A ONG Habitat pela Humanidade Brasil pede que ações sejam tomadas "com seriedade e urgência, respeitando os direitos à moradia e à cidade dos impactados", a fim de não ter "mais um período chuvoso contando mortes que poderiam ter sido evitadas".

"Em oito meses, muito pouco foi feito pelo poder público para mitigar os riscos da chuva. Famílias afetadas pelas chuvas do ano passado, diante da falta de resposta do poder público, retornaram para imóveis em risco e, mais uma vez, enfrentam o perigo causado pelos desastres naturais."

RESPOSTA DA PREFEITURA DE OLINDA

Em 2022, Pernambuco computou 133 vítimas em decorrência das chuvas - a maioria por deslizamentos de barreira. Só no Grande Recife, foram 129 pessoas que morreram soterradas ou afogadas. Do total, seis vítimas eram de Olinda. Uma morreu em Águas Compridas, duas no Córrego do Abacaxi, duas em Peixinhos e uma em Santa Tereza.

A Operação Inverno de Olinda seria divulgada em março de 2023, detalhando as ações que serão tomadas para evitar desastres.

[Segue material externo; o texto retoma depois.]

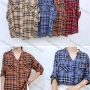Wholesale Women's Collared Loose Fit Plaid Print Flap Pockets Long Sleeve Shirt 11936# preview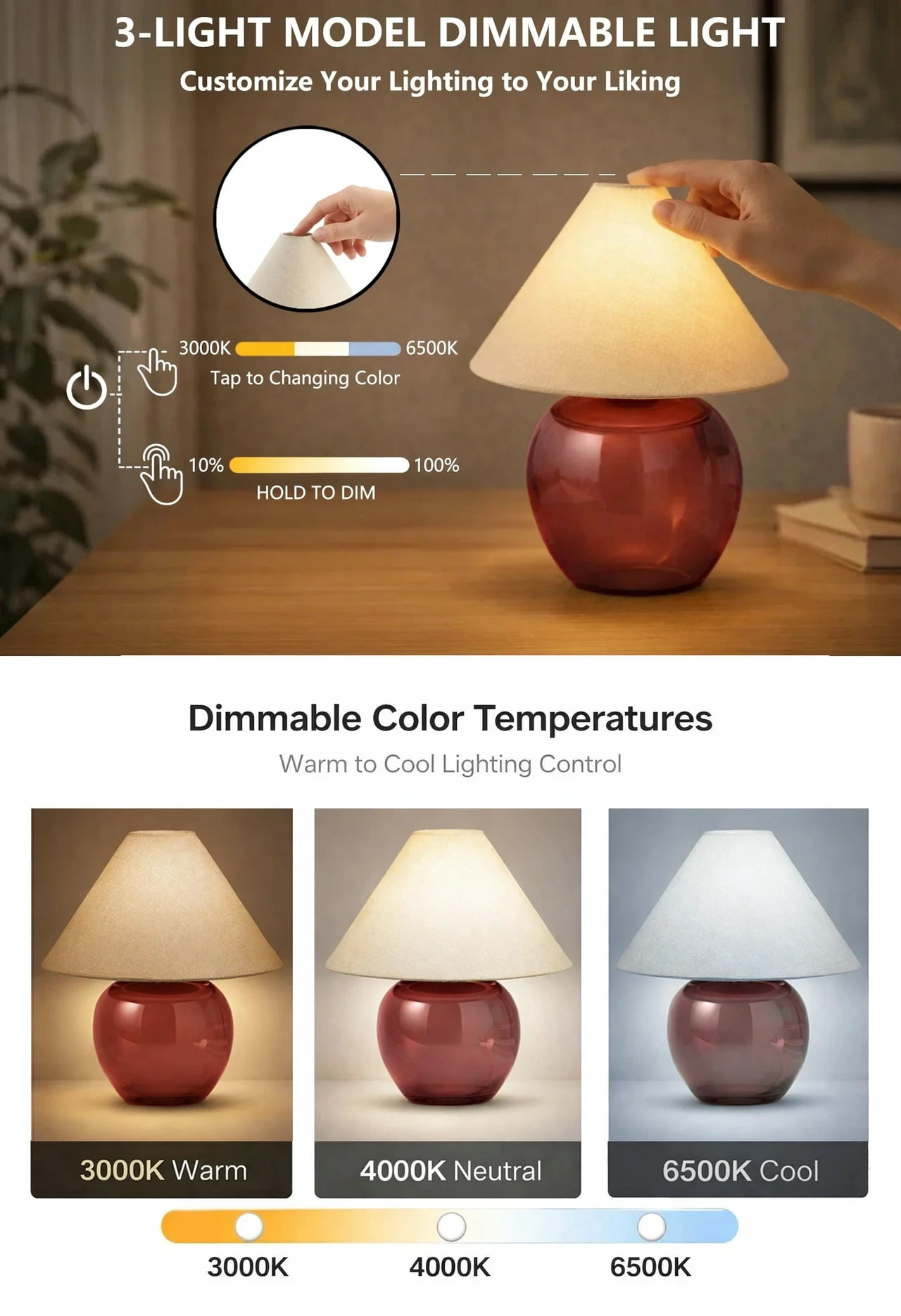 Better Homes & Gardens Crimson Rechargeable LED Portable Table Lamp with Dimmable Touch Sensor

Por nota, a Prefeitura de Olinda informou que cinco pontos da Rua 6 de janeiro terão aplicação de geomanta, cujo processo de licitação está seguindo o rito dos prazos legais e a previsão de término é no final deste mês. "Outras obras de contenção de encostas estão previstas para serem iniciadas ainda esta semana, com a construção de muros de arrimo", disse.

A gestão municipal alegou também que não foram registradas outras movimentações de barreira por conta das chuvas desta madrugada na cidade.

Por último, que a Defesa Civil de Olinda mantém 30 pessoas nas ruas fazendo monitoramento preventivo nos pontos mais críticos da cidade. Cerca de 50% da população de Olinda reside nos morros. Desde o ano passado, mais de 50 famílias foram removidas de áreas de risco na cidade.